While we live, while we are engaged in Dharma practice, this is not the time to put on blindfolds and pretend that there are no causes and effects, to think that sort of a blissful kind of nonsensical, magical thinking is in order. We shouldn’t mistake the Guru for a magician. There’s a difference. We shouldn’t think that the Lama is simply an idea, a magic formula. If you smile and are nice to the Guru and make prayers, then you will be happy. No, that’s not the formula that you were taught in Dharma class. That’s the one that you made up. Try to see the difference. In Dharma, you are taught by the Lama that the ball is in your court, that you must create the conditions by which your suffering will end, that literally no one else can do that for you. Even if the Lama were to stay by your side and walk with you, hold your hand, spoon feed you, constantly hold arms around you and make sure you’re warm and help you across the intersection so you don’t get hit by a bus, or whatever—even if that were possible—still it would not be possible for your suffering to be terminated by such a ridiculous relationship. That isn’t how it works.
We are taught in our Dharma teaching that the ball is in our court, that we and only we can create the causes and circumstances necessary for happiness. Method is necessary here. Intelligence is necessary here. Clearsightedness is necessary here. Honesty is necessary here. What is not necessary here is idiot thinking, magical thinking, Peter Pan thinking, stupid thinking. That’s what’s not needed.
Of course, the first thing we do when our magical thinking doesn’t work out is we blame the Lama. Isn’t that great? It’s wonderful to have a religion because you can always blame somebody, but actually in Buddhism that’s not allowed either. You can’t do that because if you do that, then you give your power away. What have you got? If the fault is outside of you, then the cure is outside of you, and you’re in tough shape.
So in our faith and our religion we take responsibility. We try to understand that cause and effect arise together. How do we create the perfect causes by which to bring about happiness? Well, slowly, slowly, a bit at a time, as we learn.

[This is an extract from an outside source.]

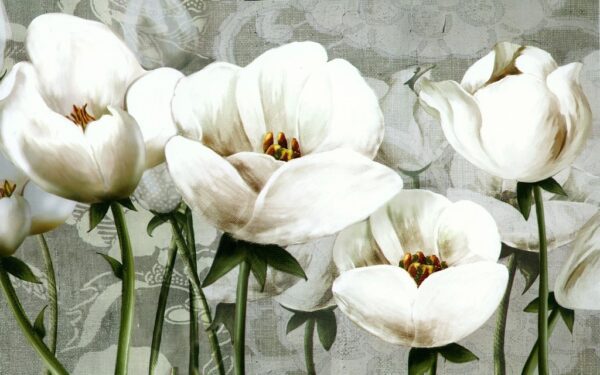 Fototapeta Rozkwitające Białe Kwiaty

It’s a growing thing, and the first thing we have to have is confidence and the second thing is patience, and I’m not even sure if they’re separable. They have to come together. It takes time to create causes. It takes time and it takes growth, and like anything that begins as a little seedling and ends up as a beautiful, blossoming tree, it’s not only the ultimate result of the blossoming tree that is a joy; every step along the way is also a joy. It’s a becoming and growing experience.